**Data provided**:

-------------------------

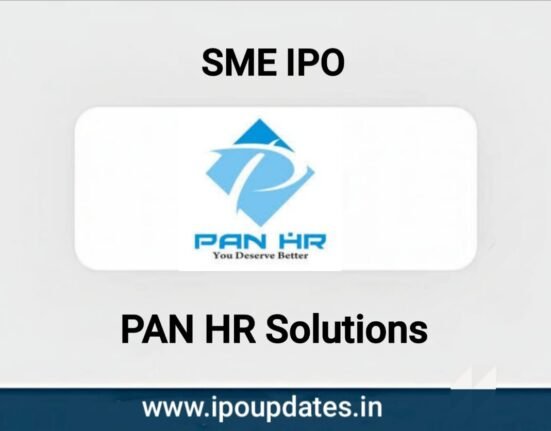 pan hr solution ipo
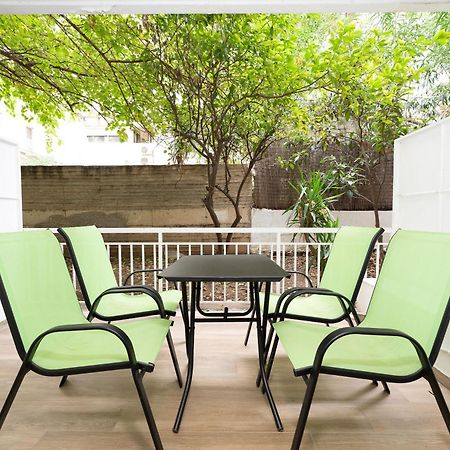 Spacious Peaceful Studio In Atene Esterno foto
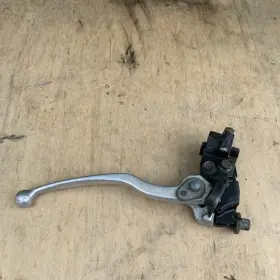 Yamaha 11182025 1988-2006 Oem Blaster Hand Brake Lever Assembly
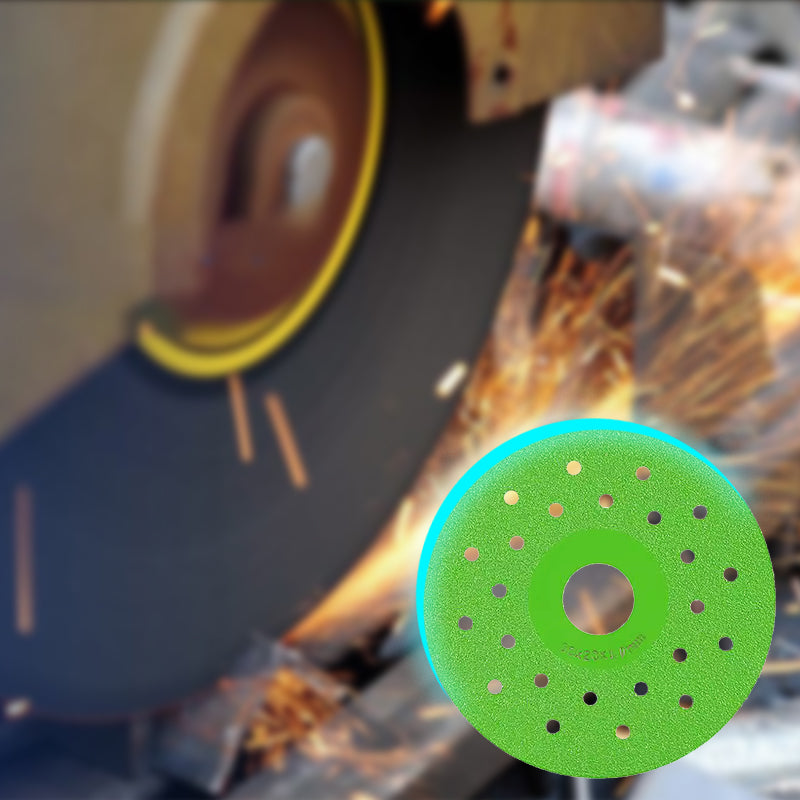 100mm Diamond Cutting Wheel for Angle Grinders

-------------------------

**Work task**: In the copy you return, include exactly the lines from the one containing "Spacious Peaceful Studio" through the final line of the listing, and no pictures.

**Exercise response**:
 Spacious Peaceful Studio In Atene Esterno foto
 Yamaha 11182025 1988-2006 Oem Blaster Hand Brake Lever Assembly
 100mm Diamond Cutting Wheel for Angle Grinders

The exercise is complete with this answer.